*** Opening of INFORMATION PROVIDED ***
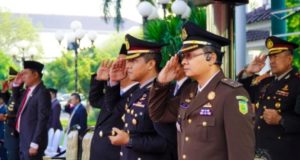 Hari Lahir Pancasila 2026, Karawang Tegaskan Komitmen Jaga Persatuan dan Keutuhan Bangsa Pemkab Karawang Gelar Upacara Hari Lahir Pancasila.(AlexaPodcast.ID)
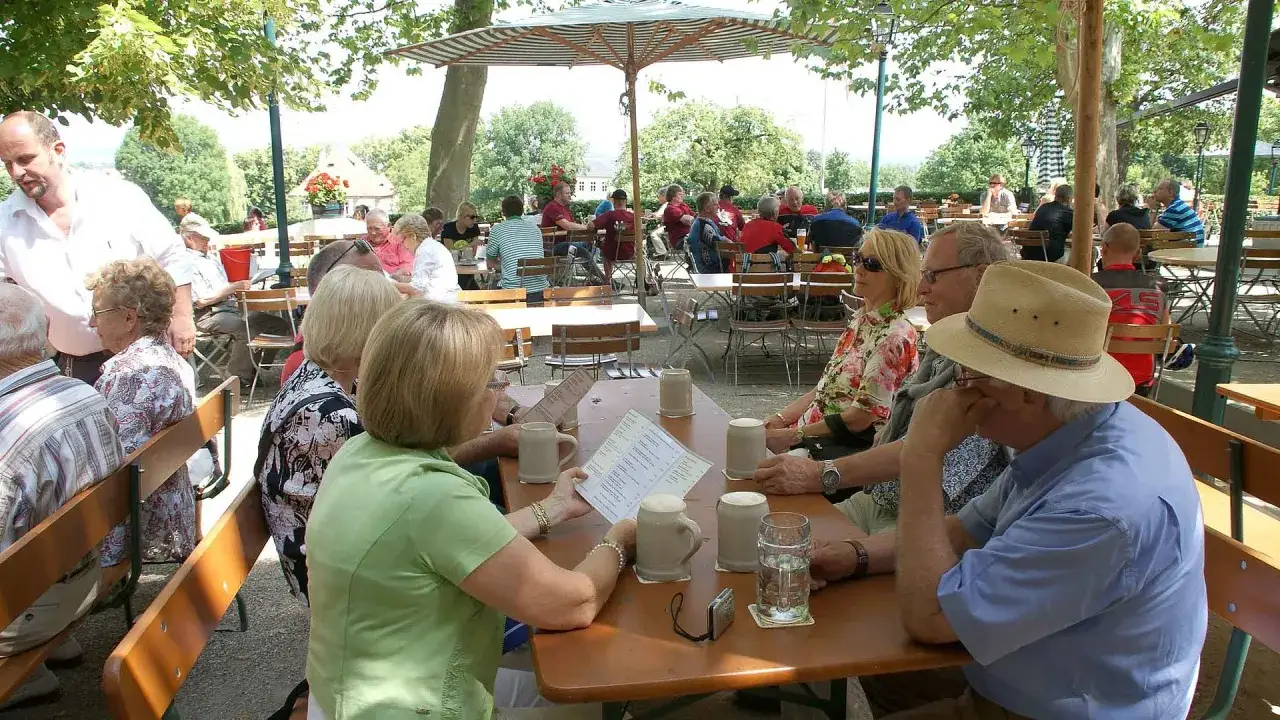 Traditioneller fr&auml;nkischer Biergarten mit G&auml;sten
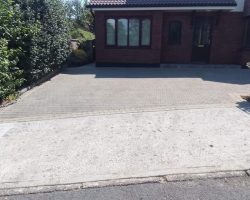 DRIVEWAY CLEANING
*** Close of INFORMATION PROVIDED ***
**DIRECTIONS FOR THIS TASK:** Would you restate, word for word, the lines from the one holding "Traditioneller fr&auml;nkischer Biergarten" through the end of the material above? Omit the pictures.

**TASK ANSWER:**
 Traditioneller fr&auml;nkischer Biergarten mit G&auml;sten
 DRIVEWAY CLEANING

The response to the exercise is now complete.